You can configure self-signed service certificates with your edge gateways, to use in their VPN-related capabilities. If the edge gateway for your vCloud Director organization virtual data center has been converted to an advanced edge gateway, you can use the Certificates screen in the vCloud Director tenant portal to create, install, and manage self-signed certificates.

If the service certificate is available on the Certificates screen, you can specify that service certificate when you configure the VPN-related settings of the edge gateway. The VPN presents the specified service certificate to the clients accessing the VPN.


Verify that at least one CSR is available on the Certificates screen of the tenant portal when you open the tenant portal for the edge gateway. See Generate a Certificate Signing Request for an Edge Gateway.

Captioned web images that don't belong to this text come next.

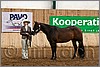 QH061_0164n.jpg(42,2 KB)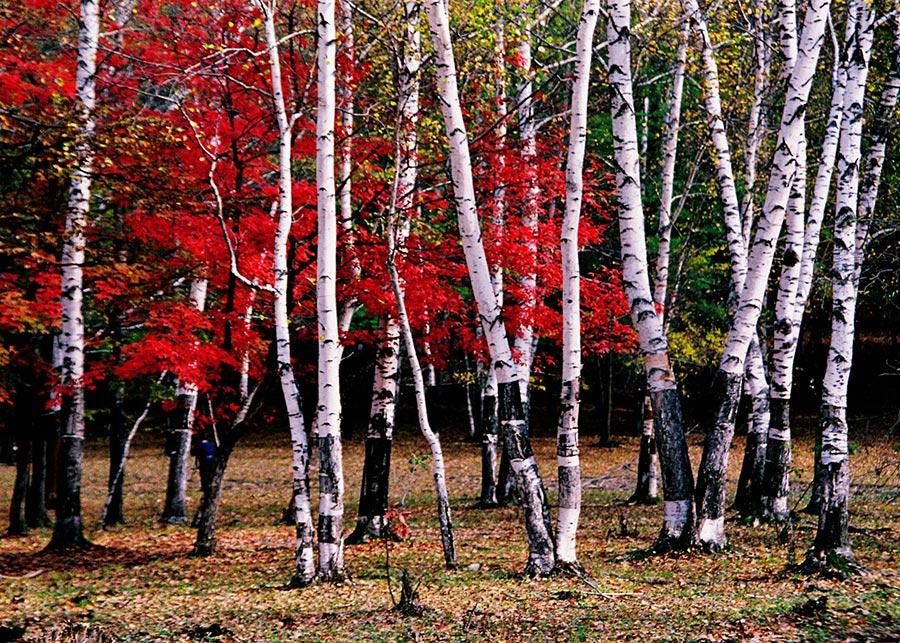 <?php echo strip_tags(addslashes(With the autumn already underway, tourists can enjoy the unique fragrance of red leaves at the Red Leaves Valley in Jiaohe city, Northeast China's Jilin Province. The valley, located at the west foot of Changbai Mountain, is filled with plentiful trees, such as maple, birch, larch and gingko trees. The leaves will gradually turn from a cardinal red into a gorgeous gold in the autumn. The mix of red and golden colors makes the valley look like massive waves rolling across a great sea. (Photo provided to chinadaily.com.cn))) ?>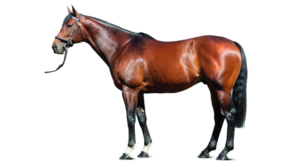 © Arqana Online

  1. Open Edge Gateway Services.
    1. Navigate to Networking > Edges.
    2. Select the edge gateway to edit, and click Configure Services.
  2. Click the Certificates tab.
  3. Select the CSR in the list that you want to use for this self-signed certificate and click Self-sign CSR.
  4. Type the number of days that the self-signed certificate is valid for.
  5. Click Keep.

    The system generates the self-signed certificate and adds a new entry with type Service Certificate to the on-screen list.


The self-signed certificate is available on the edge gateway. In the on-screen list, when you select an entry with type Service Certificate, its details are displayed in the screen.